RIME Data Format Check

rime-data-format-check is a command-line utility that validates data for use with the RIME platform by performing a series of sanity checks, depending on the nature of the data (tabular vs. NLP).

Be sure to have the Python SDK installed beforehand:

pip install rime-sdk

After installation, you will be able to run rime-data-format-check commands in your shell.
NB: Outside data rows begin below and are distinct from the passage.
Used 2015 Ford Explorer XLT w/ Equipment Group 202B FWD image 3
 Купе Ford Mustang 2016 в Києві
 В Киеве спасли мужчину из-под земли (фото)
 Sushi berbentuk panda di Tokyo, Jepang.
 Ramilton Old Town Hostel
Try running it with --help to see what flags to specify to use it on your data:

rime-data-format-check --help

usage: rime-data-format-check [-h] (-nlp | -tabular) --ref-path REF_PATH
                              --eval-path EVAL_PATH --task {Multi-class
                              Classification,Regression,Binary
                              Classification,Named Entity Recognition,Text
                              Classification}
                              [--preds-ref-path PREDS_REF_PATH]
                              [--preds-eval-path PREDS_EVAL_PATH]
                              [--label-col-name LABEL_COL_NAME]
                              [--pred-col-name PRED_COL_NAME]
                              [--timestamp-col-name TIMESTAMP_COL_NAME]

Examples

Tabular

For a full list of the requirements for tabular input data, see the specification here.

These examples were run using the Kaggle Titanic dataset.
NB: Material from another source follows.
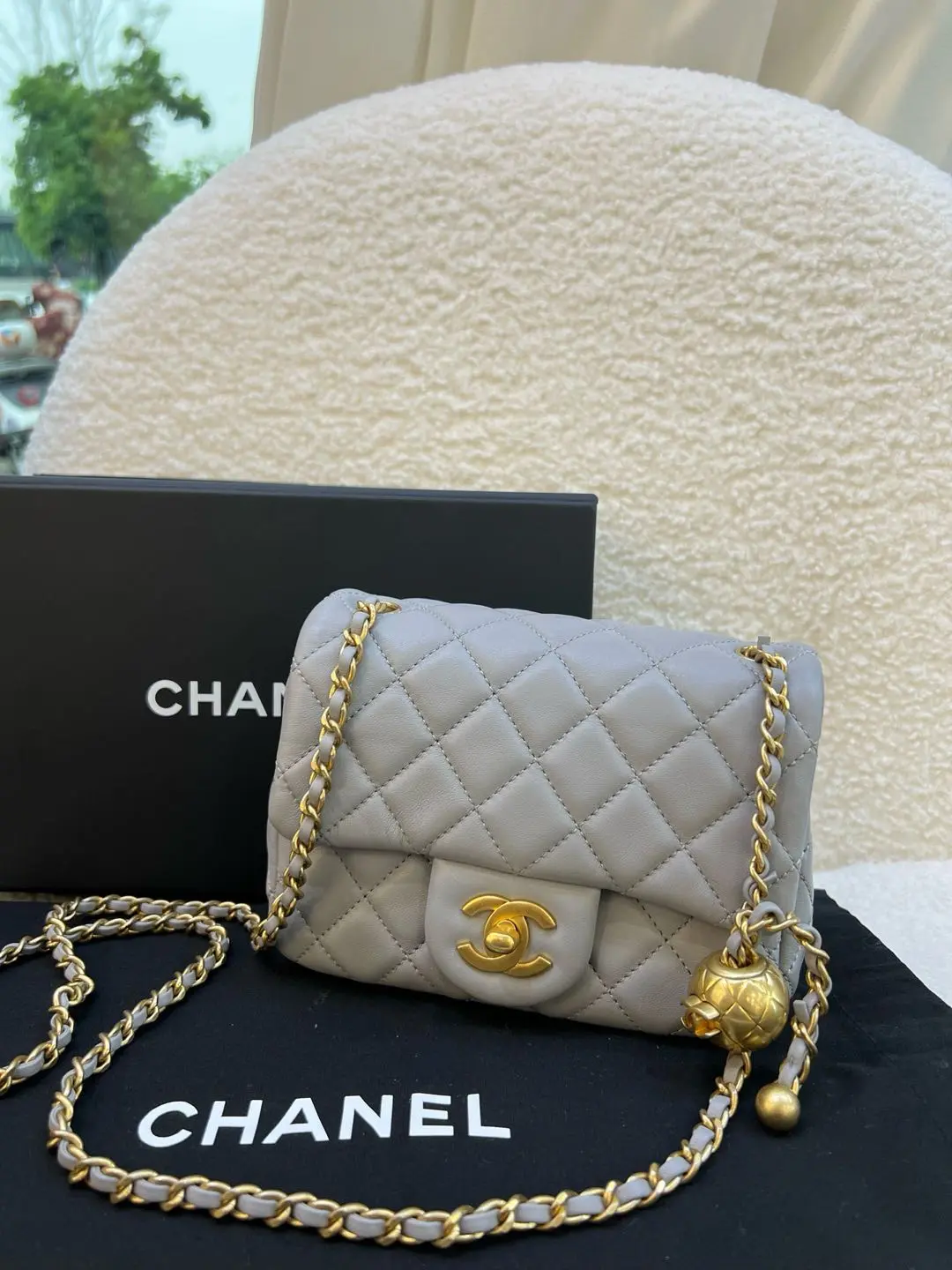 Pre-owned CHANEL Brand new unused Mini Square Pearl Crush, chip 21, lambskin cool light grey, size 16×7.5×12.5 hk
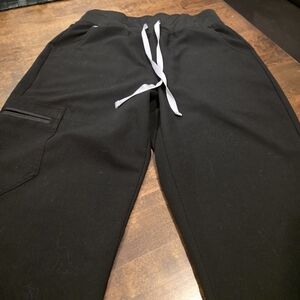 FIGS Zamora Jogger Scrub Pants – Technical Collection Medium Black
1. Basic Usage (no labels or predictions)

rime-data-format-check -tabular \
  --task "Binary Classification" \
  --ref-path data/titanic/train.csv \
  --eval-path data/titanic/test.csv

Output (PASSING):


Inspecting 'data/titanic/train.csv'
Done!

Inspecting 'data/titanic/test.csv'
Done!

WARNING: No prediction column is provided. Although you can still run RIME without predictions, it will not be as powerful as if you run it WITH predictions.

WARNING: No label column is provided. Although you can still run RIME without labels, it will not be as powerful as if you run it WITH labels.


---


Your data should work with RIME!

2. With Labels (and a sample failure)

rime-data-format-check -tabular \
  --task "Binary Classification" \
  --ref-path data/titanic/train.csv \
  --eval-path data/titanic/test.csv \
  --label-col-name "Survived"

Output (ERROR):


Inspecting 'data/titanic/train.csv'
Done!

Inspecting 'data/titanic/test.csv'

---

Error:

Label column (Survived) not found in data (data/titanic/test.csv). If a label column exists in one dataset, it MUST exist in the other.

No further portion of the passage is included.